Din İstismarcıları ve BÜYÜK İSLAM İNKILÂBI!
Maalesef Allah’ın Dinini, kendi nefsi heves ve hedeflerine alet etmek, İslamiyet’in işine gelen kısmını alıp zoruna giden kısmını bırakarak istismara yönelmek oldukça yaygınlaşmıştır ve bu durum açık bir kaytarıcılık ve acı bir (hüsran) kayıptır. (Bak: Hacc: 11. Ayet) Bu yolla, Kur’an’i hükümlere bütünüyle teslim olmak ve yükümlülük almak yerine İslam’ı parçalara ayırıp kolayına gelen ve çıkarına uygun düşen kısımlarını öne çıkarmak, dinin diğer ahkâmını ve sorumluluklarını önemsiz hatta gereksiz ve artık geçersiz saymak gibi bir şaşkınlığa sapılmaktadır. (Bak: Hicr: 89-93) “İşte sizin ümmetiniz bir tek ümmettir ve Ben de sizin Rabbinizim; öyleyse Benden korkup-sakının.” “Ancak onlar, işlerini kendi aralarında (farklı) kitaplar halinde böldüler; her bir grup, kendi ellerinde olanla yetinip sevinmektedir.” “Artık sen onları, belli bir süreye kadar kendi gafletleri içinde bırak” (Mü’minun Suresi: 52-53-54) ayetleri bunların durumunu ve acı sonunu ne güzel anlatmaktadır. Böyleleri “Yoksa siz kitabın (Kur’an’ın) bir bölümüne inanıp da bir bölümünü inkâr mı ediyorsunuz?” (Bakara:85 ortası) ayetinin muhatabı durumundadır.
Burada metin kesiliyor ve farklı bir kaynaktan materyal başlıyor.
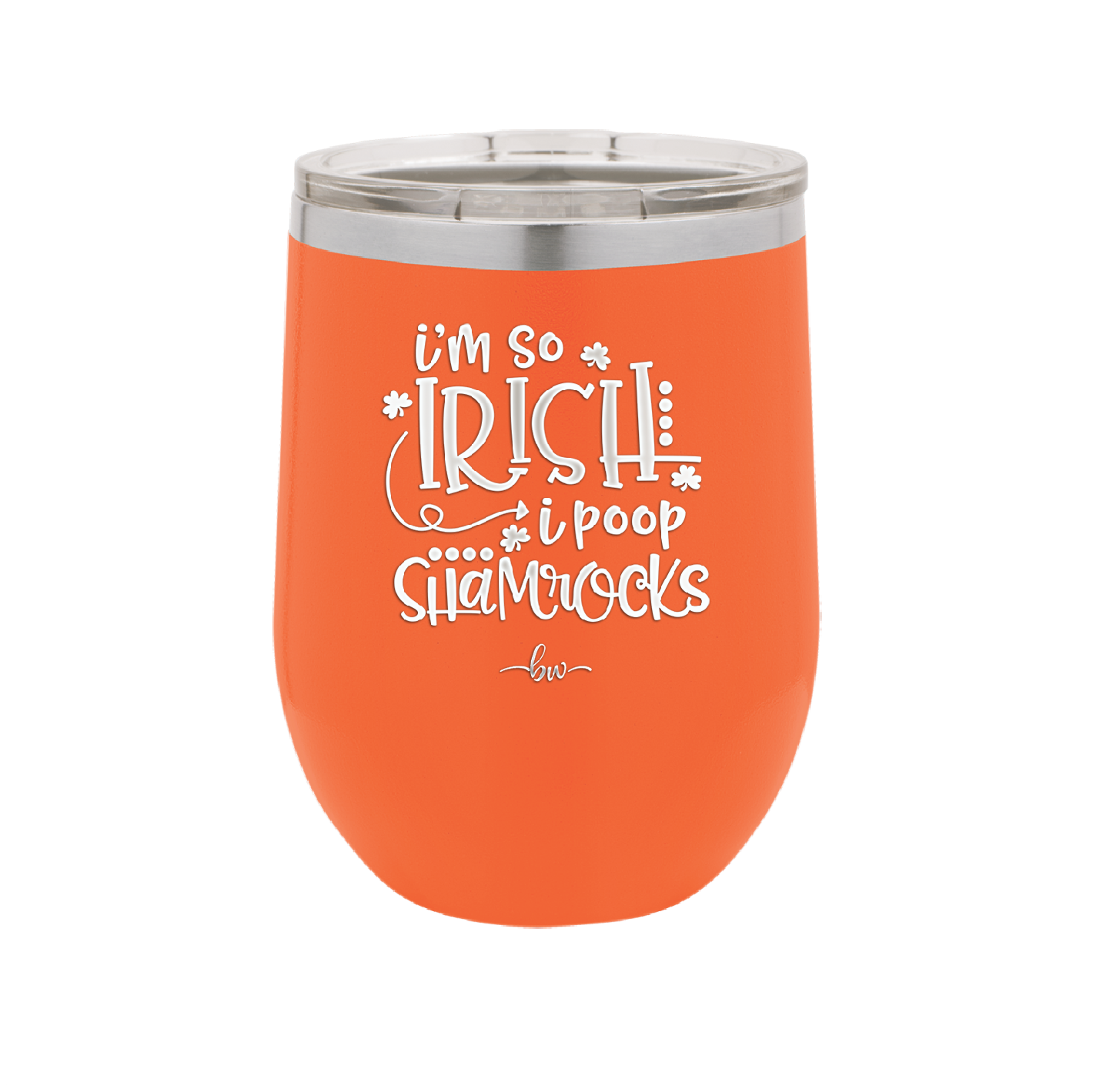 I'm So Irish I Poop Shamrocks - Laser Engraved Stainless Steel Drinkware - 1801 -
Risale-i Nur kaynaklı iman hakikatleri ve ibadet disiplini temelinde, çeşitli kademelerde eğitim-öğretim hizmetlerine ağırlık veren Fetullah Gülen Cemaati, maalesef “Ilımlı İslam” kılıflı “Şeriatsız ve Cihatsız Din” uydurmak, Diyalog safsatasıyla Yahudi ve Hıristiyanların Siyonist ve emperyalist zulüm hâkimiyetlerine razı ve hizmetkâr olmak suretiyle Hakkı çarpıtmakta ve insanları saptırmaktadır. Bir zamanlar Radikal Şeriatçı geçinen şimdi çoğu AKP yandaşı İslamcı gruplar, AB himayesinde ve ABD-İsrail güdümünde huzur aramakta; faizi, fuhşu, kumarı mubah sayan batıl ve bozuk bir sistem içinde şekilci ve gelenekçi bir dindarlıkla kendilerini avutmakta ve halkımızı oyalamaktadır.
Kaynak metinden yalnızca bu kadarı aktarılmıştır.